TASK OBJECTIVE:
Your job is to restate each entry word for word.

EXERCISE DATA:
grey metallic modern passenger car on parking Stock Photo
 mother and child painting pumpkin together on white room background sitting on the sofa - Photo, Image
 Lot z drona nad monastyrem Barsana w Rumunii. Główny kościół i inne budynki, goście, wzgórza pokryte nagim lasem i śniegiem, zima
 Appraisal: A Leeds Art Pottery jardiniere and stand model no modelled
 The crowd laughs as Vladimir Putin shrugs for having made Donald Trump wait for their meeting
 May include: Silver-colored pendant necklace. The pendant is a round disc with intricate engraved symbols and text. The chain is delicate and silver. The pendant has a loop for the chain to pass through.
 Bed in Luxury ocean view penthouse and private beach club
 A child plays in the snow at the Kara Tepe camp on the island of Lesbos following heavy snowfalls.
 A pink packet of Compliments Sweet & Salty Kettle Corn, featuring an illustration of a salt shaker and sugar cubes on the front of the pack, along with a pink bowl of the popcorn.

COMPLETED TASK:
grey metallic modern passenger car on parking Stock Photo
 mother and child painting pumpkin together on white room background sitting on the sofa - Photo, Image
 Lot z drona nad monastyrem Barsana w Rumunii. Główny kościół i inne budynki, goście, wzgórza pokryte nagim lasem i śniegiem, zima
 Appraisal: A Leeds Art Pottery jardiniere and stand model no modelled
 The crowd laughs as Vladimir Putin shrugs for having made Donald Trump wait for their meeting
 May include: Silver-colored pendant necklace. The pendant is a round disc with intricate engraved symbols and text. The chain is delicate and silver. The pendant has a loop for the chain to pass through.
 Bed in Luxury ocean view penthouse and private beach club
 A child plays in the snow at the Kara Tepe camp on the island of Lesbos following heavy snowfalls.
 A pink packet of Compliments Sweet & Salty Kettle Corn, featuring an illustration of a salt shaker and sugar cubes on the front of the pack, along with a pink bowl of the popcorn.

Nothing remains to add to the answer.